In the entries below, find the line with "Kjøkkenet ble omkring" and the line with "320 Private Road 1742, Mico, TX 78056". Print those two and everything between them exactly, and nothing else.

▸ **Data for the task**

============================================================

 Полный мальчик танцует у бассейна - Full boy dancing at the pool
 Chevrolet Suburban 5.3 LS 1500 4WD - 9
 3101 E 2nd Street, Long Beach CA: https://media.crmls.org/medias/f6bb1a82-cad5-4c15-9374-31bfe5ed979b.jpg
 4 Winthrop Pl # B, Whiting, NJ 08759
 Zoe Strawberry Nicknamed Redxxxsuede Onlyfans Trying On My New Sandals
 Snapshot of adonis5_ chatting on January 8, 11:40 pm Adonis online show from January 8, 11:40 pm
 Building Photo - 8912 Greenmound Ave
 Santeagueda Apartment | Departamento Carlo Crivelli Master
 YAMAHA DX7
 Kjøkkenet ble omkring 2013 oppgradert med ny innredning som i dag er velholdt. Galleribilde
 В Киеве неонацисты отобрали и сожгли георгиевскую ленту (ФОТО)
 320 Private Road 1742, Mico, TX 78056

============================================================

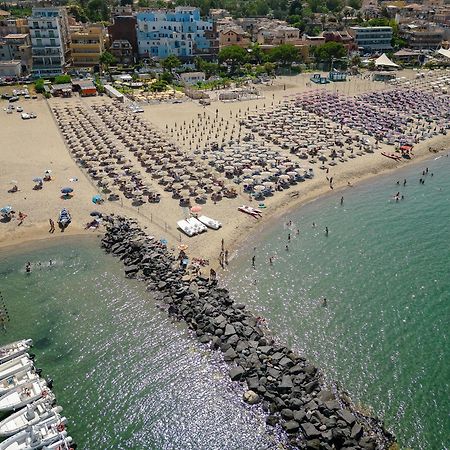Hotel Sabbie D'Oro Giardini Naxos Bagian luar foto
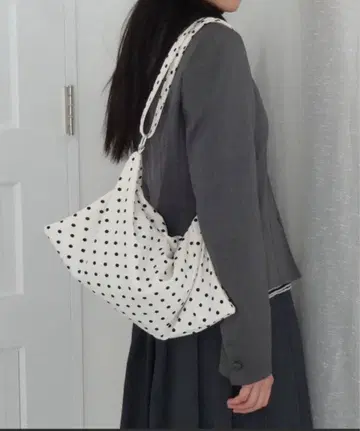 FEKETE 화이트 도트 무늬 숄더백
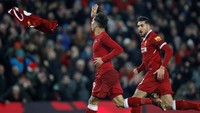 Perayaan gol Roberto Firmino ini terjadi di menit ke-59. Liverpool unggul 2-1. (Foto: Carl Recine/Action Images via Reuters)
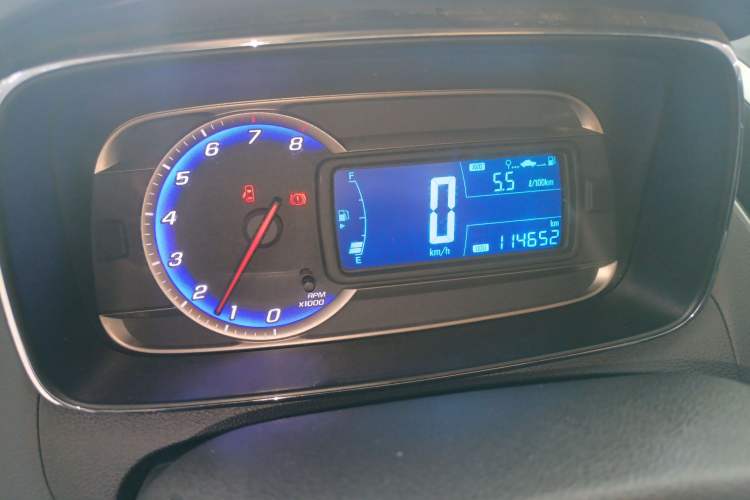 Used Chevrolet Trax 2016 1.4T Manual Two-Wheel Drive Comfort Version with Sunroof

============================================================

▸ **Written response**
 Kjøkkenet ble omkring 2013 oppgradert med ny innredning som i dag er velholdt. Galleribilde
 В Киеве неонацисты отобрали и сожгли георгиевскую ленту (ФОТО)
 320 Private Road 1742, Mico, TX 78056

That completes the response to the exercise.